Of the material below, the lines to be retyped are those from the line containing "Magic of the" through the line containing "Caixa Trio Som", inclusive; reproduce them exactly.

→ Material for this exercise
§
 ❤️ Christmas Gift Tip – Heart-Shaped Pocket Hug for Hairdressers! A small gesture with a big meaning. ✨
§
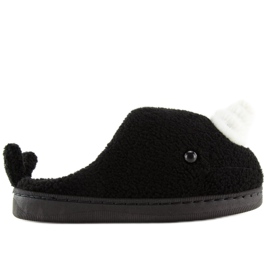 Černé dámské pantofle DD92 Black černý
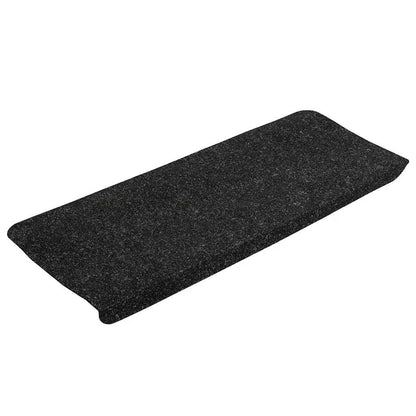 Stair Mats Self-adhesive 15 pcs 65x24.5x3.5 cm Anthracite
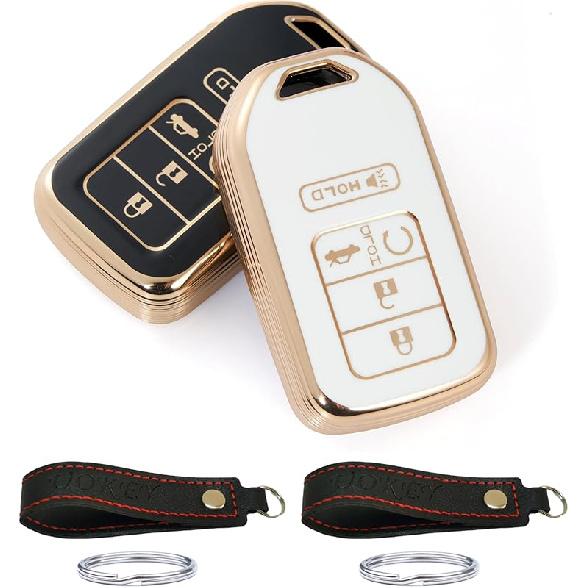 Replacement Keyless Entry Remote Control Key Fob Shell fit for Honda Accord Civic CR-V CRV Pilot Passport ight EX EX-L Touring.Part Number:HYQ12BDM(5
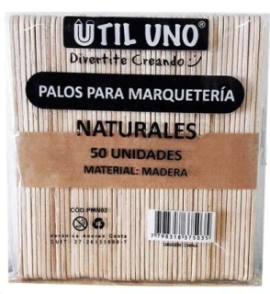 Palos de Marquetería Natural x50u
§
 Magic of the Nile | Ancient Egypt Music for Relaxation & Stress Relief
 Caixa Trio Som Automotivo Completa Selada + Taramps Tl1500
§
→ Result of the task
 Magic of the Nile | Ancient Egypt Music for Relaxation & Stress Relief
 Caixa Trio Som Automotivo Completa Selada + Taramps Tl1500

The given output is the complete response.